Ongoing efforts to combat salinity levels in the Murray-Darling Basin are paying off for people who rely on improved water quality in the Basin’s rivers and waterways, according to a new report.
Minister for Resources and Water Keith Pitt MP said the Basin salinity target was met for the eleventh consecutive year in 2019-20.
“The Basin Salinity Management 2030 strategy is delivering on its promise to benefit the communities and industries throughout the Murray-Darling Basin,” Minister Pitt said.
“This is Australia’s longest running plan for natural resource management, and it is succeeding thanks to close collaboration by all Basin governments.
“Keeping salinity levels down ensures our rivers are able to be sustainably used for irrigation, guaranteeing the jobs to thousands of Australians throughout our river communities.
“The results show just how effective the salinity mitigation works and measures have been since 1975 when they first began to reduce the high rates of salinity affecting drinking water, crops and the environment.
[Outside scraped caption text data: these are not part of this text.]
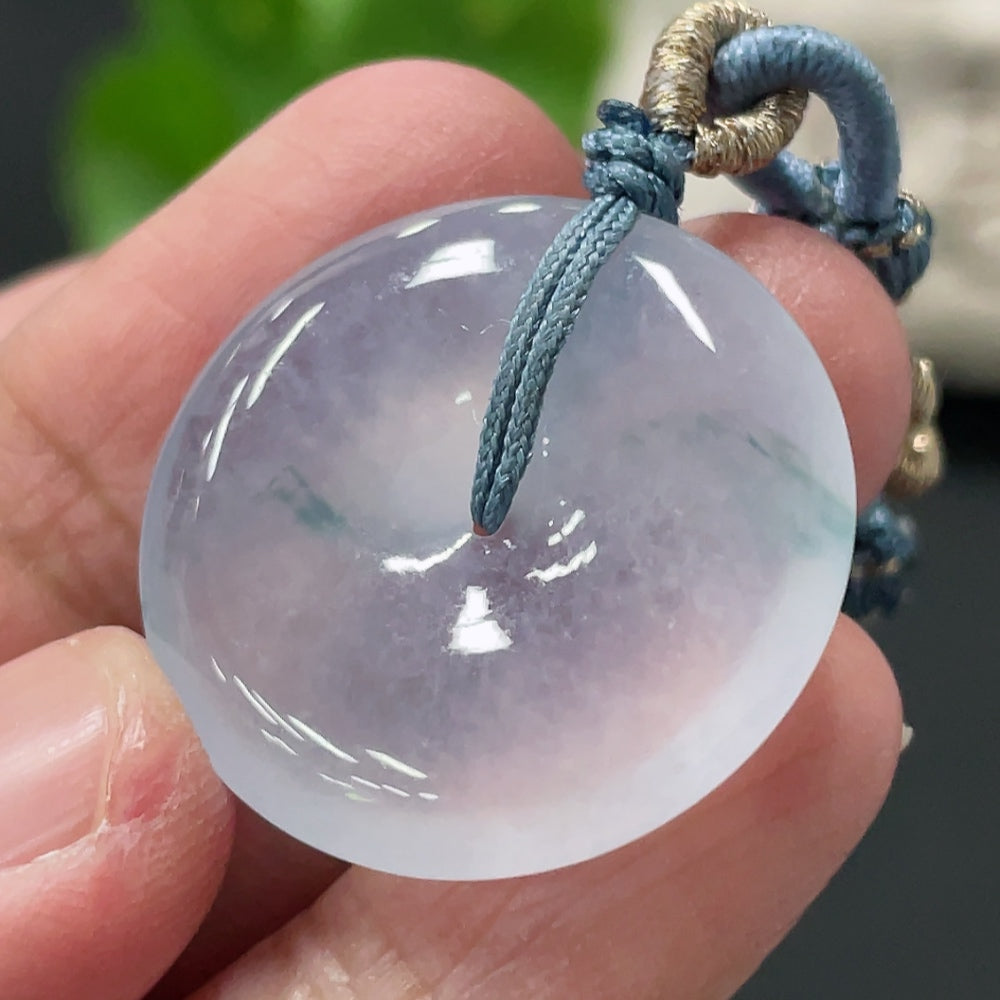 HUILIU HQ jadeite peace knot pendant, natural green jade with intricate knot design, weighs approximately 7.92g.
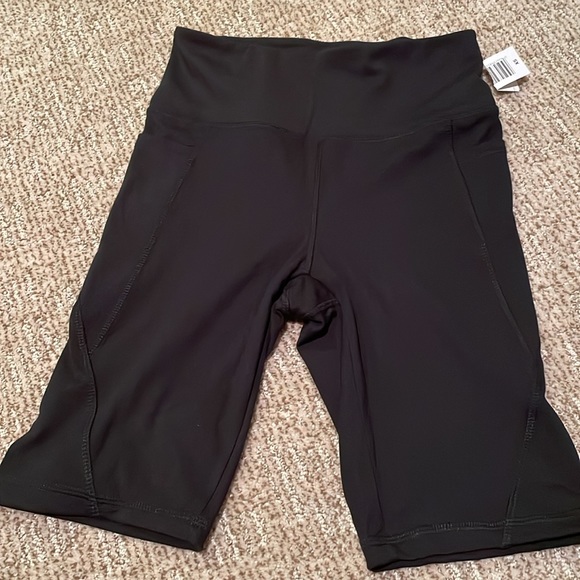 Biker shorts with pockets! - Picture 2 of 3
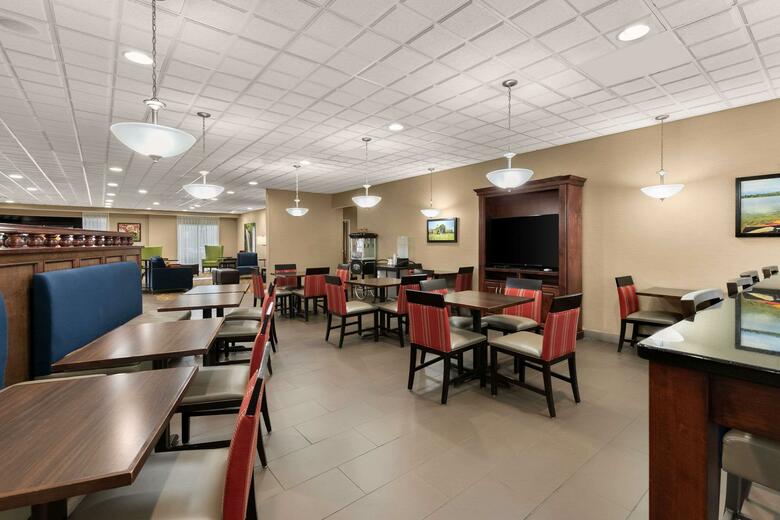 Hotel Comfort Suites Commerce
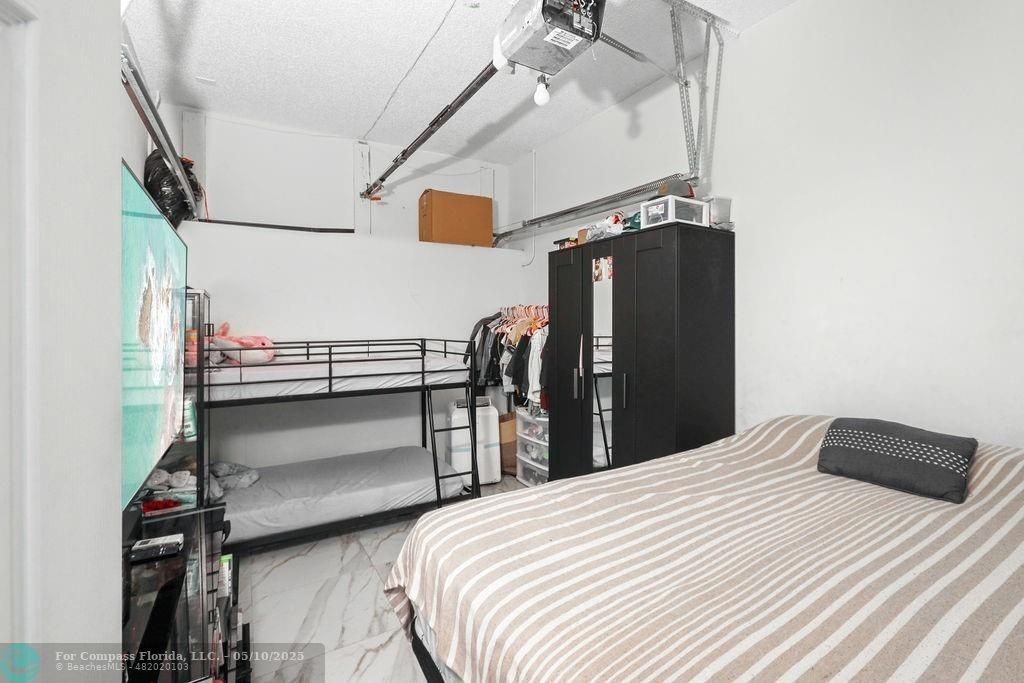 4812 Nw 19th St #4812 - Photo 3 of 27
“This is a true demonstration of the successful long-term partnership and commitment of the federal, and state and territory governments, along with the effective coordination of Basin-wide salinity management provided by the Murray-Darling Basin Authority.
“The Murray–Darling Basin produces more than $22 billion worth of food and fibre a year and is home to more than two million people. That means water quality is paramount.
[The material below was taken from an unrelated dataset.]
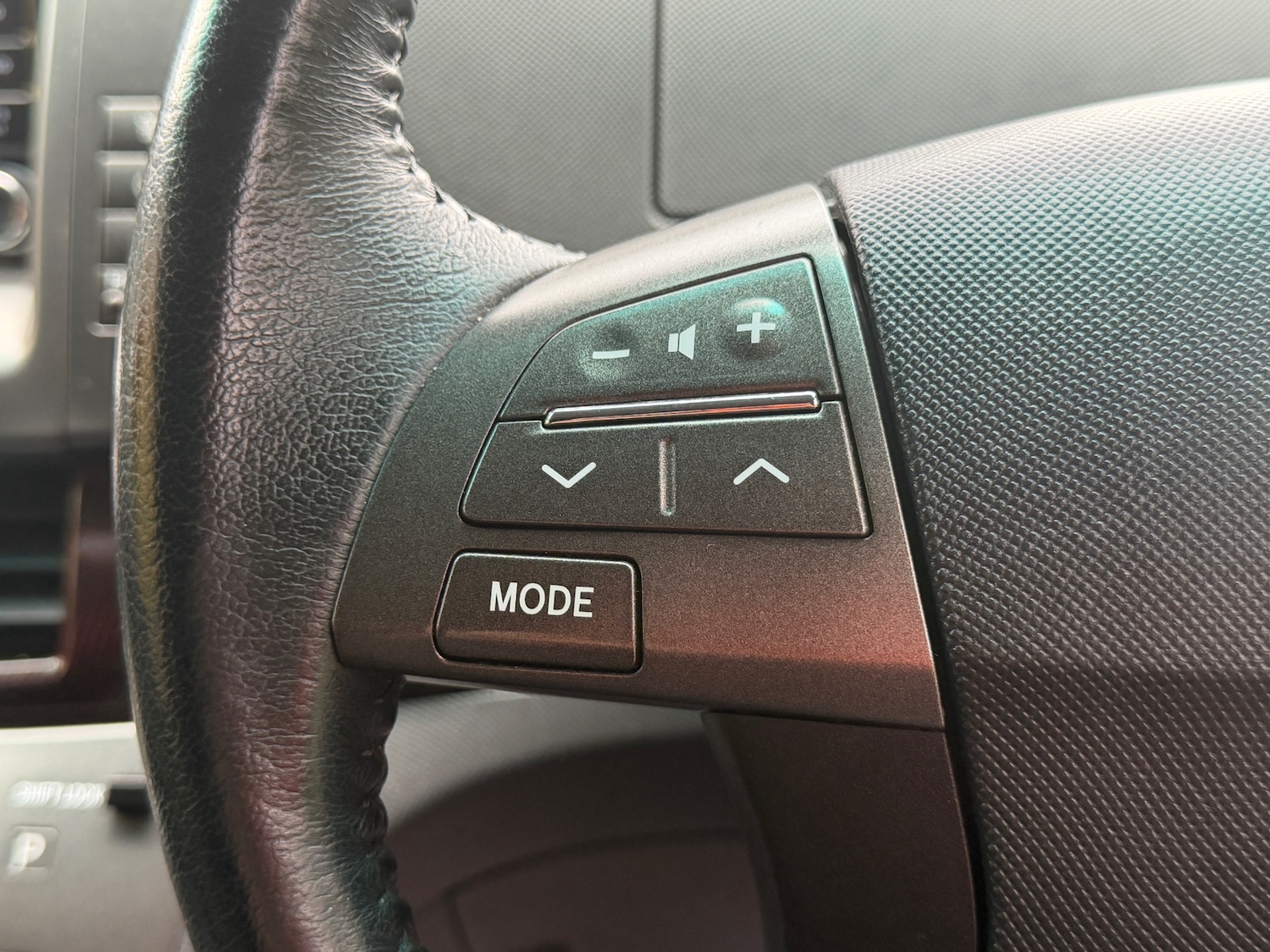 Used Toyota Estima 2023 for sale - 76353720: Photo 33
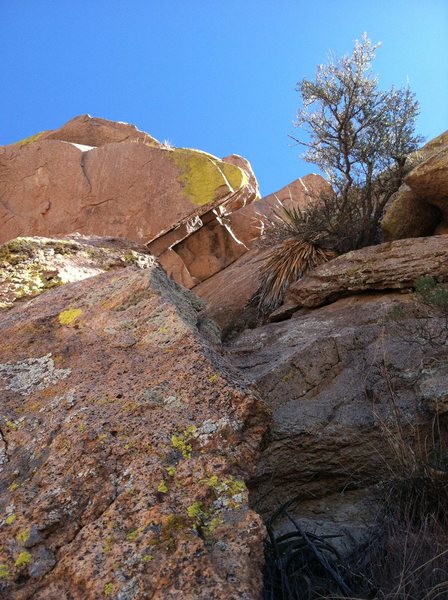 Looking up Pitch 3 after the Oven. Photo Marc Tarnosky.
“In the last year, more than 471,000 tonnes of salt were diverted from the river and adjacent landscapes with the use of 14 salt interception schemes. That’s almost half a million tonnes of salt prevented from affecting the quality of our water supply.
“Managing salinity risk remains an ongoing challenge and highlights the importance of ongoing cooperation between the Australian Government and the governments of New South Wales, Queensland, South Australia, Victoria and the Australian Capital Territory.”